Molly B, service dog. (Photo: UALR's midSOUTH)
LITTLE ROCK, Ark. (KTHV) - Canines in some Arkansas courts could soon be a real 'paw-sibility'. The idea to bring dogs into the courtroom to comfort children was unleashed this week during a statewide Child Abuse and Neglect Conference in Little Rock.
At these weeks Arkansas Child Abuse and Neglect Conference in Little Rock, UALR's School of Social Work community service unit introduced case workers to Molly B. Molly, a service dog from the Courthouse Dogs Foundation in Washington, is playful and loving, Her handler, Celeste Walsen, believes she's exactly what abused or neglected children need while giving testimony.
"Molly is a courthouse dog, and what Molly does is accompany children who have been abused, who might have been sexually assaulted," she explained. "We're hoping that some of the child advocacy centers or prosecutor offices or police departments will want to get a dog like Molly to work with children in Arkansas."
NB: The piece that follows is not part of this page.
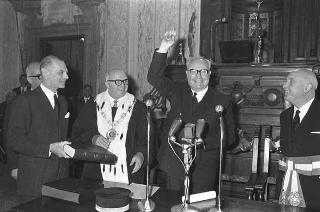 Visita ufficiale del Presidente della Repubblica Giuseppe Saragat a Pisa in occasione dell'inaugurazione del nuovo calcolatore elettronico dell'Università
Walsen said there are 48 courthouse dogs working in 21 states.
Joylyn Humphrey, with MidSOUTH, said they're hoping to bring a dog like Molly B. to Arkansas.
"The response was incredible in terms of talking about putting together a task force and looking at how they even talked to us about how to get funding for this," she explained.
Hundreds of children are pushed through the Arkansas court system every year. Walsen said Molly B. can act as the key component for investigators by helping soothe children while they're in the courtroom and offering a type of unconditional love.
"When children are stressed out they quit talking, and if they can't tell what happened to them, nothing can happen to help them, and when they're with the dog, it just lights them up," she added. "She doesn't care about their culture. She doesn't care about what they're talking about. She wants to sit with them and lean on them and be petted."
Courthouse dogs range from $18,000 to $20,000. The non-profit organization provides the dog and training, but the advocacy group or county must pick up the rest of the service dog's tab.